Azerbaijan: Chingiz – Truth
Azerbaijan last won the competition in 2011 during a golden period in their Eurovision history, where they achieved Top Five finishes in five consecutive years inclusive of 2009 and 2013. However, their recent Eurovision history has been absolutely nothing to shout about; Azerbaijan failed to qualify for the final, for the first time last year. I can see this song meeting the same fate.
Chingiz Mustafayev is a Russian born performer who will represent the oil-rich nation with Truth. The ‘truth’ is that this is another nothing song. It’s a really rather dull electro-pop number, with no real distinguishing factors to push it ahead of any of the myriad electro-pop anthems in the competition this year. It sits in a mediocre pocket of the second semi-final which inspires no hope in anyone; back to the drawing board, please.
Will it qualify? No. How will it do? Who cares, I’ve done like forty of these.
Well done! You made it. Now, go ahead and buy the numerous bottles of booze you’re going to need primarily for the party you’re having this year, but also to help you forget that you’ve managed to get to the end of a rambling article by someone with a genuinely unhealthy obsession with this competition.
As for who’s making it out of this semi-final, I’m calling Russia, Malta, Albania, Norway, Sweden, Denmark, Romania, Latvia, Switzerland, and The Netherlands.

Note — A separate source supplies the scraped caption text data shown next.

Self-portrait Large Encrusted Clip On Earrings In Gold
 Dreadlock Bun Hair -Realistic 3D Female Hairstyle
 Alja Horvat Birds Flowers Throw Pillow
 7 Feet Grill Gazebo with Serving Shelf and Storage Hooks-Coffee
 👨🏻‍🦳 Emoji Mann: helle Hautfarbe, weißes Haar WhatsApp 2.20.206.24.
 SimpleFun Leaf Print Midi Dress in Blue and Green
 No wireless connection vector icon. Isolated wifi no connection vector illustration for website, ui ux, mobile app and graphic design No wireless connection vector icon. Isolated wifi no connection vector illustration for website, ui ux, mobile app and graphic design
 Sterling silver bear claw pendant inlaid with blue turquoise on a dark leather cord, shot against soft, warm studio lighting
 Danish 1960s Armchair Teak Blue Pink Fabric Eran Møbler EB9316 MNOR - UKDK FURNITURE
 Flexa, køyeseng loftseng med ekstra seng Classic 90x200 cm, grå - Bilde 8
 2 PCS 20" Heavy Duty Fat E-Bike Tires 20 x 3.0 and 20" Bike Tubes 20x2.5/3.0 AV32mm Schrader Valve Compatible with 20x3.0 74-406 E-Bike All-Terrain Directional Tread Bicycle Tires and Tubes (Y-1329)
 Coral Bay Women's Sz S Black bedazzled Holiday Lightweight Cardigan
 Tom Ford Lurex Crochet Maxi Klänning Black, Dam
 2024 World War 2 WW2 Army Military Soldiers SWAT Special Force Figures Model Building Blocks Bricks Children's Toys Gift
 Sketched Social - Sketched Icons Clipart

Now, the important matter of my prediction to win this year’s Eurovision. It’s a mighty tough one this year, if I’m honest. There’s no absolute runaway favourite and there are some sneaky songs in there who could develop fan fever somewhere between the semi-final and the final. In fact, the truth is that I haven’t the foggiest who could walk out of there with the title. Beasts like Sweden and Russia should always be taken seriously, as should Cyprus and Italy. It’s also worth giving the Czech Republic and Belgium their chance with good staging, as well as France for it’s bold political statement. Hell, a lot of the bookmakers have The Netherlands and Azerbaijan up there, despite my protestations (some have The Netherlands at 2/1). I also think Australia are in with a categorically strong shout of winning: if I weren’t going for the pick I’m going for, I would have gone Katie and her opera-hardbass extravaganza. At the very least I see another podium finish if not a gold medal.
Ultimately though, I’m going with none of these choices. Salvador Sobral and Eleni Foureira have taught us that the power of the semi-final push is absolutely formidable, and as such I am sticking my neck out and taking a huge risk with my prediction here.
I’m calling Malta to win Eurovision this year. I was right about Salvador, and hopefully I’ll be right here too. I just believe so deeply in that drop, in that Fuego Fever, to carry it home and cause what would be a bit of an upset. If Valletta calls in 2020, I’ll be shocked and thrilled. Australia, The Netherlands (ew), Sweden, and Italy to round out the Top Five, in descending order.